Service Resiliency
Before Start
You should have NO virtualservice nor destinationrule (in
|
Retry
Instead of failing immediately, retry the Service N more times
We will make pod recommendation-v2 fail 100% of the time. Get one of the pod names from your system and replace on the following command accordingly:
kubectl exec -it -n tutorial $(kubectl get pods -n tutorial|grep recommendation-v2|awk '{ print $1 }'|head -1) -c recommendation /bin/bash
You will be inside the application container of your pod recommendation-v2-2036617847-spdrb
. Now execute:
curl localhost:8080/misbehave
exit
This is a special endpoint that will make our application return only `503`s.
You will see it works every time because Istio will retry the recommendation service automatically and it will land on v1 only.
./scripts/run.sh
customer => preference => recommendation v1 from '2036617847-m9glz': 196
customer => preference => recommendation v1 from '2036617847-m9glz': 197
customer => preference => recommendation v1 from '2036617847-m9glz': 198
If you open Kiali, you will notice that v2 receives requests, but that failing request is never returned to the user as preference
will retry to establish the connection with recommendation
, and v1 will reply.
kubectl -n istio-system port-forward $(kubectl -n istio-system get pod -l app=kiali -o jsonpath='{.items[0].metadata.name}') 20001:20001
open http://localhost:20001/console
In Kiali, go to Graph
, select the recommendation
square, and place the mouse over the red sign, like the picture bellow.

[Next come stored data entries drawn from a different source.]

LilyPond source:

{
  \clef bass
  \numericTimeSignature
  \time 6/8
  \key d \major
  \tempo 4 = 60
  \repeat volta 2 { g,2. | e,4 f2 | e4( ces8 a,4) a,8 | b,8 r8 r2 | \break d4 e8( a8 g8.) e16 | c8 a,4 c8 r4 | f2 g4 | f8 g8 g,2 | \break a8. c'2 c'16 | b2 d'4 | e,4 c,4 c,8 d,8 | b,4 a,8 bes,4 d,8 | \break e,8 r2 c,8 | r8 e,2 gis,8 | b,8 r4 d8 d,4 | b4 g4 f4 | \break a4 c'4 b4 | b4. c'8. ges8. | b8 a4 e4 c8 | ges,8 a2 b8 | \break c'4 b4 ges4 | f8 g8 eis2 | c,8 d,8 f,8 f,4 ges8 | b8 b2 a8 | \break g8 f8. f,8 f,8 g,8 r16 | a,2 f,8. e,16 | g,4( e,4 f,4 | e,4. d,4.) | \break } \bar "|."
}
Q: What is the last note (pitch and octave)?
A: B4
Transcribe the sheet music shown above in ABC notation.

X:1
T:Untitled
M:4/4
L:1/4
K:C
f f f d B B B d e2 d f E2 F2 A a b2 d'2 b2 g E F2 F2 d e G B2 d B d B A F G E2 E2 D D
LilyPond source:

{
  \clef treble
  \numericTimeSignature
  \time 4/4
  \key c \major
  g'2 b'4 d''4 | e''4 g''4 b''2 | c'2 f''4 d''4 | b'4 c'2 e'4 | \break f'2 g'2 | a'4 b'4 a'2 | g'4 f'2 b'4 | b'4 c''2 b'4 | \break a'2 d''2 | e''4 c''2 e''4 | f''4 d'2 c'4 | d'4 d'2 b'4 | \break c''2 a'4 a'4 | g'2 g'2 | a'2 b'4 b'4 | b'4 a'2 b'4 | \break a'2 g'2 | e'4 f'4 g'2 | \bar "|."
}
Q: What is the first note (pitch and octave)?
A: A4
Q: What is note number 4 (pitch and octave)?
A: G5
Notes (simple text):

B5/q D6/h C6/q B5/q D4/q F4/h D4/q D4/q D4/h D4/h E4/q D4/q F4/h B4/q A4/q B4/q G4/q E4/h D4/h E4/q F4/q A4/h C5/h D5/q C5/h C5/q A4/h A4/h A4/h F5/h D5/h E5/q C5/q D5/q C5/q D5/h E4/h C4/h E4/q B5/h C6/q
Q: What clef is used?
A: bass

Now, make the pod v2 behave well again
kubectl exec -it -n tutorial $(kubectl get pods -n tutorial|grep recommendation-v2|awk '{ print $1 }'|head -1) -c recommendation /bin/bash
You will be inside the application container of your pod recommendation-v2-2036617847-spdrb
. Now execute:
curl localhost:8080/behave
exit
The application is back to random load-balancing between v1 and v2
./scripts/run.sh
customer => preference => recommendation v1 from '2039379827-h58vw': 129
customer => preference => recommendation v2 from '2036617847-m9glz': 207
customer => preference => recommendation v1 from '2039379827-h58vw': 130
Timeout
Wait only N seconds before giving up and failing. At this point, no other virtual service nor destination rule (in tutorial
namespace) should be in effect. To check it run kubectl get virtualservice
kubectl get destinationrule
and if so kubectl delete virtualservice virtualservicename -n tutorial
and kubectl delete destinationrule destinationrulename -n tutorial
You will deploy docker images that were privously built. If you want to build recommendation to add a timeout visit: Modify recommendation:v2 to have timeout |
First, introduce some wait time in recommendation v2
by making it a slow performer with a 3 second delay by running the command
kubectl patch deployment recommendation-v2 -p '{"spec":{"template":{"spec":{"containers":[{"name":"recommendation", "image":"quay.io/rhdevelopers/istio-tutorial-recommendation:v2-timeout"}]}}}}' -n tutorial
Hit the customer endpoint a few times, to see the load-balancing between v1 and v2 but with v2 taking a bit of time to respond
./scripts/run.sh
Then add the timeout rule
kubectl create -f istiofiles/virtual-service-recommendation-timeout.yml -n tutorial
You will see it return v1 after waiting about 1 second. You don’t see v2 anymore, because the response from v2 expires after the timeout period and it is never returned.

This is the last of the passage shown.